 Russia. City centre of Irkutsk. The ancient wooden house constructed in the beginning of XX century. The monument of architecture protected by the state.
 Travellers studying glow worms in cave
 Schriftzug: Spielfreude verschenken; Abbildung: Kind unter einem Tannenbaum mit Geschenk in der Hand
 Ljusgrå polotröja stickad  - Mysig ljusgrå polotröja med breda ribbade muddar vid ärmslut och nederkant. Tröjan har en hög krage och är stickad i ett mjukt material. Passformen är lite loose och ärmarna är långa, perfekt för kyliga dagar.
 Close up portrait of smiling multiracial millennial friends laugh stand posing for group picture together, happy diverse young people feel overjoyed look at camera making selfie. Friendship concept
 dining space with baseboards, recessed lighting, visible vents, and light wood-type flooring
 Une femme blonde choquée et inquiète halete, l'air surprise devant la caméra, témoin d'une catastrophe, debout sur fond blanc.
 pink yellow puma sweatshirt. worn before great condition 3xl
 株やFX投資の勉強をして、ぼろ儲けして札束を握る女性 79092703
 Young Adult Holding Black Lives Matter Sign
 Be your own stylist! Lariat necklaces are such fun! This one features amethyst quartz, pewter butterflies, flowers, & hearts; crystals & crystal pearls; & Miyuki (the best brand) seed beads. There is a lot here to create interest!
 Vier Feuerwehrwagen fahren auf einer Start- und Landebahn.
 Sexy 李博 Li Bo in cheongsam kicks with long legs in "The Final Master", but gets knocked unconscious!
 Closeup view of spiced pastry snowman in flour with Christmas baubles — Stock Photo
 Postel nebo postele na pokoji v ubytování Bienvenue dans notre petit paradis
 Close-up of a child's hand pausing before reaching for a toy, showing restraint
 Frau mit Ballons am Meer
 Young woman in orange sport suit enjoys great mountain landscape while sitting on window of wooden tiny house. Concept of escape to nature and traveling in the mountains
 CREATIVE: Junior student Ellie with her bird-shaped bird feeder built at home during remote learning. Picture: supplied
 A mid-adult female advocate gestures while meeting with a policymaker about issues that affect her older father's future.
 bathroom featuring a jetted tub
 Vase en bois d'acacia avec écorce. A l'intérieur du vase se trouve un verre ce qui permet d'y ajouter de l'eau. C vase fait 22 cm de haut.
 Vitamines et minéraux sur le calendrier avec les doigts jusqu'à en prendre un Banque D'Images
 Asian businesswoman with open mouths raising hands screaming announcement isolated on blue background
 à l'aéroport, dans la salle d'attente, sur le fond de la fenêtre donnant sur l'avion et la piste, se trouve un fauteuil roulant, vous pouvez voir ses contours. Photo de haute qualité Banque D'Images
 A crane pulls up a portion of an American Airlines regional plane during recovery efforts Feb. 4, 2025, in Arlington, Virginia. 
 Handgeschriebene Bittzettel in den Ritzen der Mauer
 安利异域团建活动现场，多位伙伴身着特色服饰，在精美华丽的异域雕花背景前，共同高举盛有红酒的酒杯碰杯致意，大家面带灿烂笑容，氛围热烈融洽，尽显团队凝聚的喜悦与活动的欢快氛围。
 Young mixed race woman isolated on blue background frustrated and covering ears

EXERCISE: Each line of the material above needs repeating verbatim.

TASK ANSWER:
 Russia. City centre of Irkutsk. The ancient wooden house constructed in the beginning of XX century. The monument of architecture protected by the state.
 Travellers studying glow worms in cave
 Schriftzug: Spielfreude verschenken; Abbildung: Kind unter einem Tannenbaum mit Geschenk in der Hand
 Ljusgrå polotröja stickad  - Mysig ljusgrå polotröja med breda ribbade muddar vid ärmslut och nederkant. Tröjan har en hög krage och är stickad i ett mjukt material. Passformen är lite loose och ärmarna är långa, perfekt för kyliga dagar.
 Close up portrait of smiling multiracial millennial friends laugh stand posing for group picture together, happy diverse young people feel overjoyed look at camera making selfie. Friendship concept
 dining space with baseboards, recessed lighting, visible vents, and light wood-type flooring
 Une femme blonde choquée et inquiète halete, l'air surprise devant la caméra, témoin d'une catastrophe, debout sur fond blanc.
 pink yellow puma sweatshirt. worn before great condition 3xl
 株やFX投資の勉強をして、ぼろ儲けして札束を握る女性 79092703
 Young Adult Holding Black Lives Matter Sign
 Be your own stylist! Lariat necklaces are such fun! This one features amethyst quartz, pewter butterflies, flowers, & hearts; crystals & crystal pearls; & Miyuki (the best brand) seed beads. There is a lot here to create interest!
 Vier Feuerwehrwagen fahren auf einer Start- und Landebahn.
 Sexy 李博 Li Bo in cheongsam kicks with long legs in "The Final Master", but gets knocked unconscious!
 Closeup view of spiced pastry snowman in flour with Christmas baubles — Stock Photo
 Postel nebo postele na pokoji v ubytování Bienvenue dans notre petit paradis
 Close-up of a child's hand pausing before reaching for a toy, showing restraint
 Frau mit Ballons am Meer
 Young woman in orange sport suit enjoys great mountain landscape while sitting on window of wooden tiny house. Concept of escape to nature and traveling in the mountains
 CREATIVE: Junior student Ellie with her bird-shaped bird feeder built at home during remote learning. Picture: supplied
 A mid-adult female advocate gestures while meeting with a policymaker about issues that affect her older father's future.
 bathroom featuring a jetted tub
 Vase en bois d'acacia avec écorce. A l'intérieur du vase se trouve un verre ce qui permet d'y ajouter de l'eau. C vase fait 22 cm de haut.
 Vitamines et minéraux sur le calendrier avec les doigts jusqu'à en prendre un Banque D'Images
 Asian businesswoman with open mouths raising hands screaming announcement isolated on blue background
 à l'aéroport, dans la salle d'attente, sur le fond de la fenêtre donnant sur l'avion et la piste, se trouve un fauteuil roulant, vous pouvez voir ses contours. Photo de haute qualité Banque D'Images
 A crane pulls up a portion of an American Airlines regional plane during recovery efforts Feb. 4, 2025, in Arlington, Virginia. 
 Handgeschriebene Bittzettel in den Ritzen der Mauer
 安利异域团建活动现场，多位伙伴身着特色服饰，在精美华丽的异域雕花背景前，共同高举盛有红酒的酒杯碰杯致意，大家面带灿烂笑容，氛围热烈融洽，尽显团队凝聚的喜悦与活动的欢快氛围。
 Young mixed race woman isolated on blue background frustrated and covering ears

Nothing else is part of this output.